Now we get into a time when the popularity of the sax explodes even more! I’m talking about swing music. It all started with Louis Armstrong, I know, he was a trumpet player, but back in the early 20’s he played in Fletcher Henderson’s orchestra, which was a very popular band at the time.

Louis Armstrong was getting everyone’s attention, not just around him but the whole jazz world in general. He was playing his horn like no one had done up till then. Bringing in new ways of phrasing, new rhythm and harmony. Also playing in Henderson’s band at the same time was Coleman Hawkins on the tenor saxophone. Trumpet was king and the new, exciting things that Armstrong was doing were rubbing off on Hawkins. The collaboration between these two musical monsters was the launching pad for the tenor saxophone’s giant role in jazz.

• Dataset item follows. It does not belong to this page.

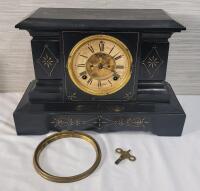 As Is - Antique Ansonia Black Cast Iron Mantle Clock w/Key . Patented June 1881 . Chimes on the Hour & Half Hour , Pendulum Swings , Mechanism on Face Rotates , Key Mechanism on Clock Face both Rotate . Face Door Needs Replacing & Needs New Clock Arms . H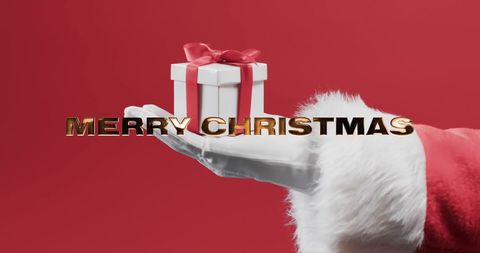 Santa Claus Hand Holding Gift with Merry Christmas Text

These guys went on to become the featured soloists in other big bands bands of the day, like Count Basie and Duke Ellington.

Coleman Hawkins

Coleman Hawkins is regarded as the “Father of Jazz Saxophone” and would influence many to come. He made it sound big and sweet and used a lot of vibrato;

He spent most of the 1930’s living and touring in Europe. After returning to New York in ’39 he saw another wave of monster tenor saxophone players like Lester young, Ben Webster, and Don Byas, all of who were influenced by Hawkins but now had their own strong voice.

Listen to the “Hawk”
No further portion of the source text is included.